Required action: Scan the records beneath this line for the line holding "NatureMan North American" and the line holding "Fototapety Watercolor branches", then transcribe exactly those two and all lines between.

Entries shown:
════

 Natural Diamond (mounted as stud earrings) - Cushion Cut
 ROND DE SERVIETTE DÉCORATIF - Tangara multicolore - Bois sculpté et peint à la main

════

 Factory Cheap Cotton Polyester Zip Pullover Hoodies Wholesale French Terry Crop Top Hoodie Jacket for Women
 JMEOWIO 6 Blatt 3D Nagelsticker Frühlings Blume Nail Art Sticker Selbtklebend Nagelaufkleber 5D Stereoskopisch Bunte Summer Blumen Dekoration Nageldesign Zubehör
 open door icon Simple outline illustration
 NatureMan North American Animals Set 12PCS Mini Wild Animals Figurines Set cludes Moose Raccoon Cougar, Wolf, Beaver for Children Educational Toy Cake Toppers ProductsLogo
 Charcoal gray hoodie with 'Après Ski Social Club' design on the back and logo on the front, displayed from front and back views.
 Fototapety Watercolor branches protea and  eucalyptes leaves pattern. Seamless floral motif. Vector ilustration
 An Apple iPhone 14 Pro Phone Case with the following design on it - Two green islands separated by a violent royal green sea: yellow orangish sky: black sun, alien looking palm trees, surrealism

════

Task response:
 NatureMan North American Animals Set 12PCS Mini Wild Animals Figurines Set cludes Moose Raccoon Cougar, Wolf, Beaver for Children Educational Toy Cake Toppers ProductsLogo
 Charcoal gray hoodie with 'Après Ski Social Club' design on the back and logo on the front, displayed from front and back views.
 Fototapety Watercolor branches protea and  eucalyptes leaves pattern. Seamless floral motif. Vector ilustration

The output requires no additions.